大学入試数学:整数問題攻略の7つのポイント 何を考えればいいのか?

 

整数問題攻略の7つのポイント

 

(1)積の形にする
(学校採用教材レベルの技法)

 

(2)文字をたくさん使ってもなんとかなる場合が多い。

 

(3)「自然数」「整数」など、とびとびの値しかとらない場合(離散的)、n=1,2,3…などと実際にやってみて、あたりをつける。

 

(4)何かで割った余りで場合分けする。
(教科書にも出てくる技法)
例の3k,3k+1,3k+2などです。
余りと関係なさそうな問題でも、この技法でうまくいく場合があります。

 

(5)「素数」という文言を見たら…

・その素数をpとする。
 (整数)×(整数)=pと変形できたら、積の組み合わせの可能性は
 (1,p),(p,1),(-1,-p),(-p,-1)
 のみである。

・(素数)≧2

・偶数の素数は2のみ、3の倍数の素数は3のみ、…。

・連続する2自然数が素数なのは2と3のみ。

 

(6)その他、教科書、チャート式やFocus Goldあたりに載っている技法を使いこなせるのはアタリマエ。

 

(7)整数問題が多く出る大学でも、平均的な合格者は完答はできていない場合も多い。
(6)が漠然としていますが、(1)~(6)あたりを駆使しても解けない整数問題は、平均的な合格者は解けていない、合否を分けていない問題である可能性が高いです。

 

大学入試数学の整数問題とデリダ

 デリダは「現前の形而上学批判」において、言語や記号の背後に実在や本質があるという考えを疑問視しました。整数問題も同様に、数学という学問の真理性や普遍性を前提としているように見えます。しかし、整数という概念自体が歴史的・文化的に構築されたものであり、その意味は決して一義的ではありません。整数問題は、数学という学問の自明性を問い直す契機となるのです。

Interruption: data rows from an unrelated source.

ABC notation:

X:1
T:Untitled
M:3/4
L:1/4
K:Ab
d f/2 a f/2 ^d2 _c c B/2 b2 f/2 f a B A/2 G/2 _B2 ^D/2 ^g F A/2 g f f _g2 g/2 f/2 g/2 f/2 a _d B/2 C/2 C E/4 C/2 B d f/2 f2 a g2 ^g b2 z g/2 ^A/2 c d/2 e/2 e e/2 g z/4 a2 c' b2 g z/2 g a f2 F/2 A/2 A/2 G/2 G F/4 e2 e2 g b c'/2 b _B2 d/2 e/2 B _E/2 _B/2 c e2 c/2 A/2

 また、デリダの「脱構築」の戦略は、テクストに内在する矛盾や曖昧さを明らかにし、既存の概念を解体していくことを目指しました。整数問題も、一見すると明確な問題設定と解法を持っていますが、その前提には様々な暗黙の了解や価値観が潜んでいます。例えば、整数問題が「正解」を求めるという発想自体が、ある種の権力構造を反映しているとも言えるでしょう。

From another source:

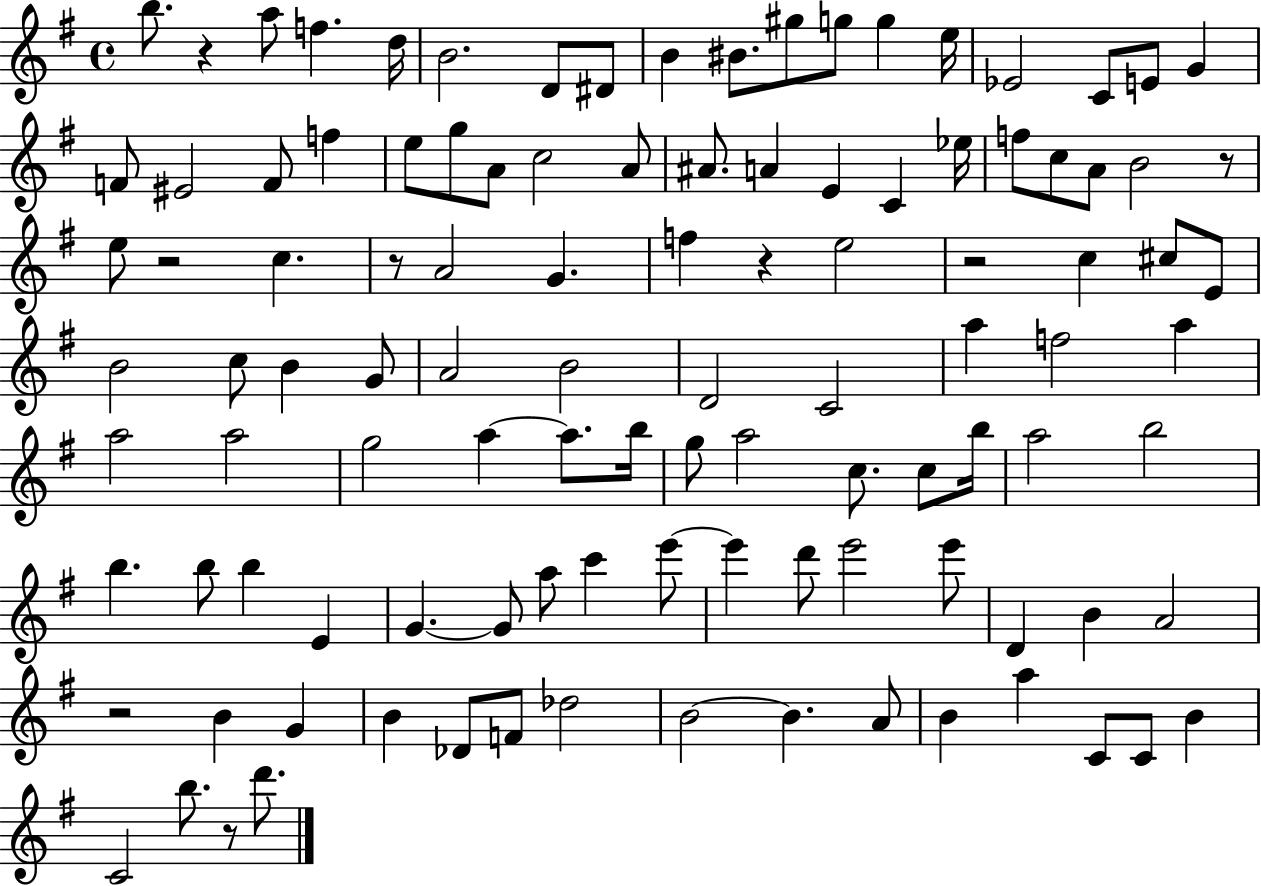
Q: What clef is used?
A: treble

 さらに、デリダの「贈与論」の視点から見ると、大学入試という制度は、知識を選抜と交換の対象としてしまう危険性を孕んでいます。整数問題を解くことが、大学への入学という見返りと結びつけられることで、数学の学びが本来の目的を見失ってしまうのです。

 ただし、整数問題が持つ教育的な意義を全否定することはできません。デリダの「ホスピタリティ(歓待)」の思想が示唆するように、他者を無条件に受け入れることは不可能である一方で、他者に開かれようとする努力は不可欠です。整数問題に取り組むことは、数学という他者の論理に触れ、思考を深める機会にもなり得るのです。

 重要なのは、整数問題を絶対視するのではなく、常にその意味や役割を批判的に問い直していくことです。デリダの「スペクトル(亡霊)」の概念が示すように、整数問題には、既存の数学観を揺るがす亡霊が潜んでいるのかもしれません。その亡霊に耳を傾け、新たな数学教育の可能性を模索していくこと。それこそが、デリダの思想が「大学入試数学の整数問題」に投げかける問いなのではないでしょうか。

 

大学入試数学の整数問題とプラグマティズム

 まず、整数問題は、数学的思考力を鍛えるための有効な手段です。整数は、私たちの日常生活に深く関わる数の概念であり、整数問題を解くことで、論理的思考力や計算能力が向上します。これらの能力は、大学での学習や将来の仕事において、幅広く役立つことでしょう。

 また、整数問題は、問題解決のための戦略を学ぶ機会でもあります。整数問題では、問題の本質を見抜き、適切な解法を選択することが求められます。これは、現実の複雑な問題に直面した際にも応用できるスキルです。問題をいかに分析し、解決策を導き出すかという経験は、あらゆる分野で役立つはずです。

 プラグマティズムは、知識の社会的な性格を重視します。整数問題を解くためには、数学の教科書やインターネット上の情報だけでなく、教師や仲間との対話を通じて理解を深めることが大切です。自分の考えを説明し、他者の視点を取り入れることで、問題解決の幅が広がります。この協働的な学習のプロセスは、社会で求められるコミュニケーション能力やチームワーク力を養う良い機会となるでしょう。

 さらに、プラグマティズムは、知識の実用性を重視します。整数問題で培った数学的思考力は、単に試験で点数を取るためだけのものではありません。それは、現実の問題解決に応用できる実践的な能力なのです。例えば、経済学や経営学、情報科学など、多くの分野で数理的な思考が求められます。整数問題を通じて鍛えた思考力は、これらの分野で活躍するための土台となります。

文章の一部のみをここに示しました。